Hpricot problem on class initialize

Hello, im new to ruby so there is a good chance the error is not even
with hpricot but something im missing on the syntax or something.
I got the following code:

Its suposed to read a file where I have a bunch of facebook IDs and
return a list of the links to those IDs along with the page title (so I
can see the name before clicking on the link)
The link part is working fine.
Thanks and sorry if its a silly question =)

On Sep 23, 2013, at 12:04 PM, Mario Me [email protected] wrote:

Hello, im new to ruby so there is a good chance the error is not even
with hpricot but something im missing on the syntax or something.
I got the following code:
require 'sinatra'require 'hpricot'require 'open-uri'set :server, 'webric - Pastebin.com
Its suposed to read a file where I have a bunch of facebook IDs and
return a list of the links to those IDs along with the page title (so I
can see the name before clicking on the link)
The link part is working fine.
Thanks and sorry if its a silly question =)

What’s the part that is not working?

On Sep 23, 2013, at 13:28 , Tamara T. [email protected]
wrote:

The link part is working fine.
Thanks and sorry if its a silly question =)

What’s the part that is not working?

The part where they’re trying to use hpricot.

Use nokogiri instead. It’s more correct in nearly every way.

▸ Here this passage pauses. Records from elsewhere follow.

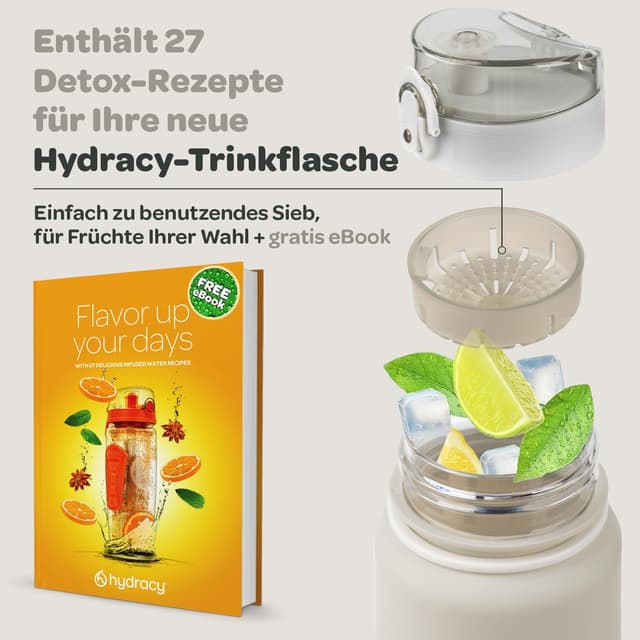 Detalle 2 de Hydracy Trinkflasche 1 Liter mit Fruchteinsatz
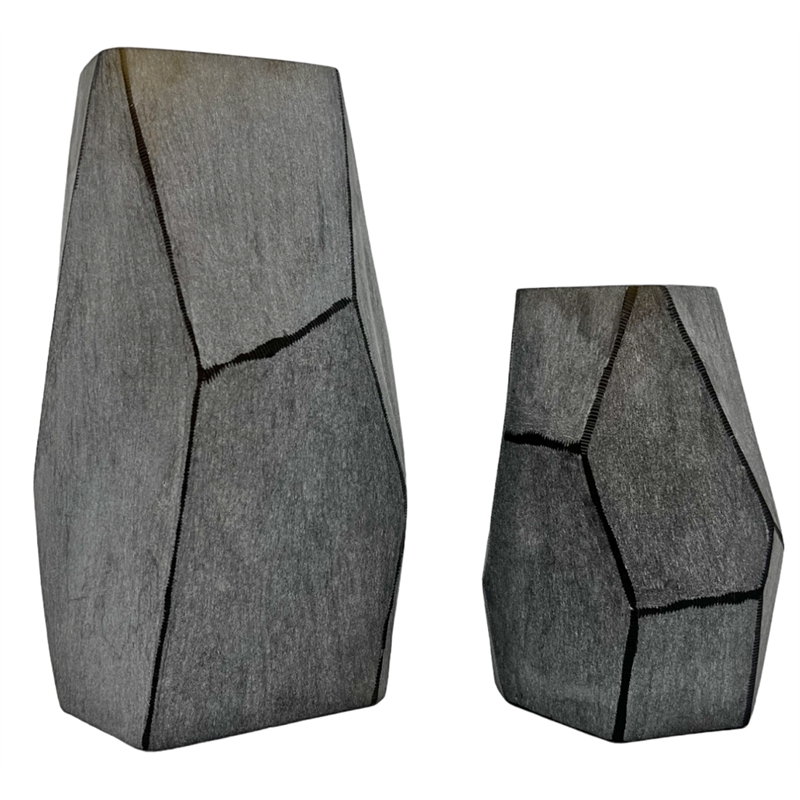 Bergamo Art Set of 2 Decorative Handmade Glass Stone Essence Vase in Grey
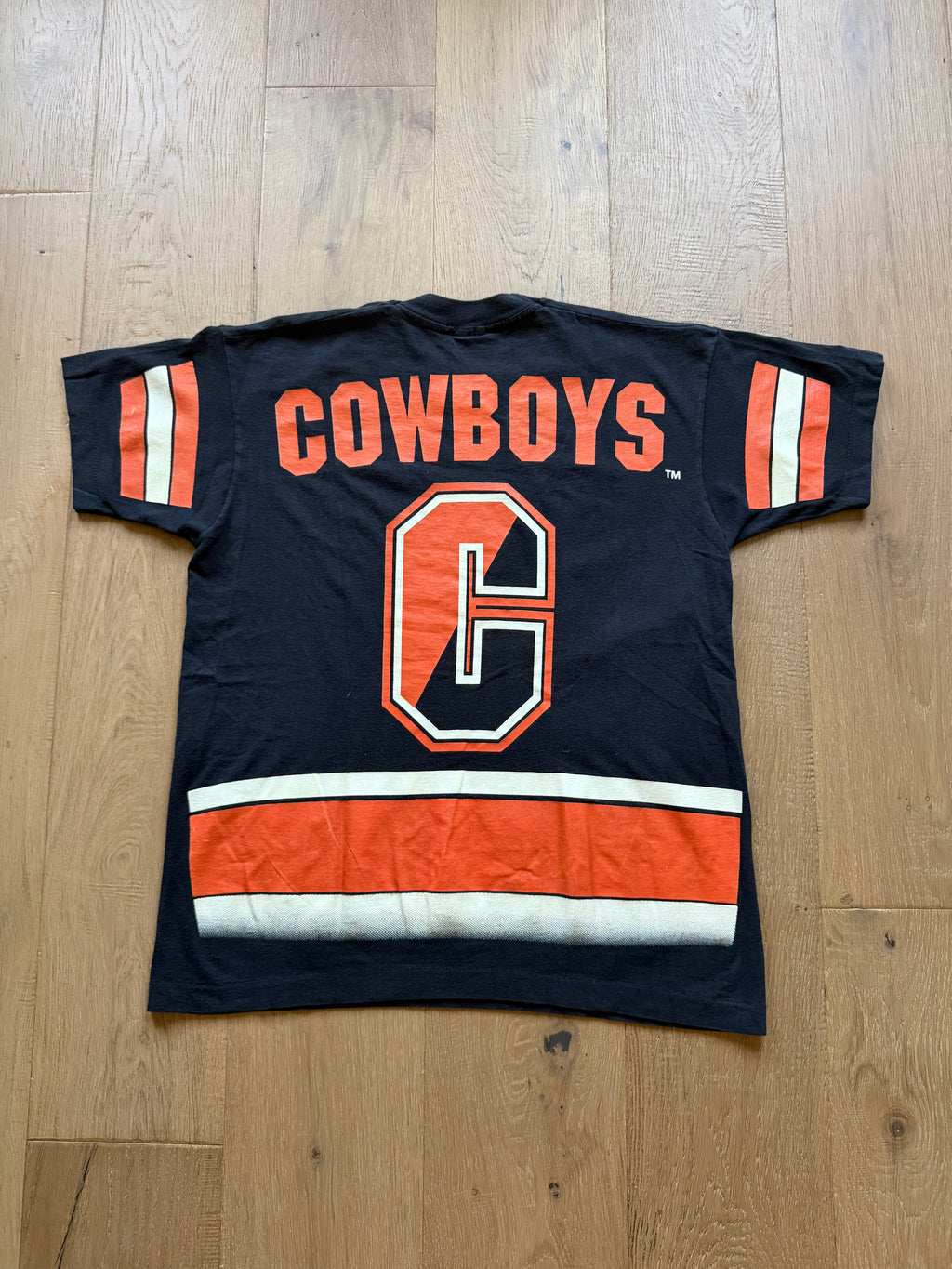 Black 90s Salem Sportswear OSU Cowboys Big Print T-Shirt Large
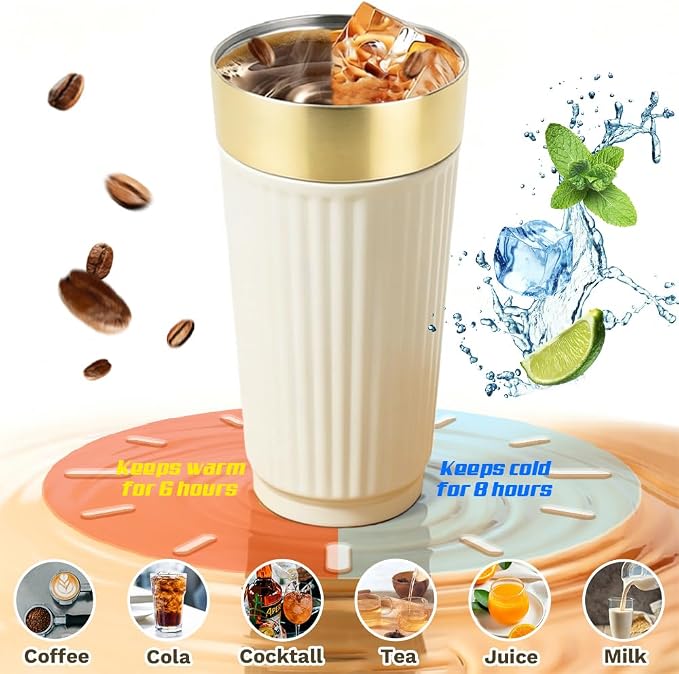 SPLMIFA Vacuum-Insulated Stainless Steel Travel Coffee Mug, Leak-Proof Reusable Coffee Cup with Lid-Keeps Drinks Hot & Cold for Hours, Durable Double Wall Tumbler for Men & Women (5th-White, 18OZ)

When I try to get the page with hpricot
doc = Hpricot(open(@link))
I always have a 404 error, but if I print the @link variable to the view
I can access the URL just fine. So I guess its the way im trying to open
it with hpricot that is wrong.

tamouse m. wrote in post #1122204:

On Sep 23, 2013, at 3:41 PM, Mario Me [email protected] wrote:

When I try to get the page with hpricot
doc = Hpricot(open(@link))
I always have a 404 error, but if I print the @link variable to the view
I can access the URL just fine. So I guess its the way im trying to open
it with hpricot that is wrong.

From what I can see, you are sending page.link back to the client in
index.erb. can you show the content that is sent back? (html source,
please)

Im sorry but I think I dont undestood.
The page.link is working fine, the html on the index.erb is just a bunch
of links to the profiles.

Use nokogiri instead. It’s more correct in nearly every way.
I tried this:

def initialize(link)
site = “https://www.facebook.com/
@link = site + link
page = Nokogiri::HTML(open(site + link))
@title = page.css(“title”).text
end

And it still returns a 404 error “OpenURI::HTTPError at / 404 Not
Found”.
Its strange because im using the same address to create the page.link
and it works!

On Sep 24, 2013, at 7:25 AM, Mario Me [email protected] wrote:

index.erb. can you show the content that is sent back? (html source,
please)

Im sorry but I think I dont undestood.
The page.link is working fine, the html on the index.erb is just a bunch
of links to the profiles.

That’s what I said.

Use nokogiri instead. It’s more correct in nearly every way.
I tried this:

def initialize(link)
site = “https://www.facebook.com/
@link = site + link
page = Nokogiri::HTML(open(site + link))
@title = page.css(“title”).text

Try this, just for me. Change the above two lines to this:

html_doc = Nokogiri::HTML(open(@link))
@title = html_doc.css("title").text

(Note you could put those on one line, like so:

@title = Nokigiri::HTML(open(@link)).css("title").text

)

Two things:

  1. the variable page might be used elsewhere. making it unique here
    might help.
  2. using the variable you just set, and will be using in the ERB, makes
    sure it is the same in the open.

end

And it still returns a 404 error “OpenURI::HTTPError at / 404 Not
Found”.
Its strange because im using the same address to create the page.link
and it works!

Do this for me as well, from the command line, take one of those
page.links from your output, and fetch it with either curl or wget.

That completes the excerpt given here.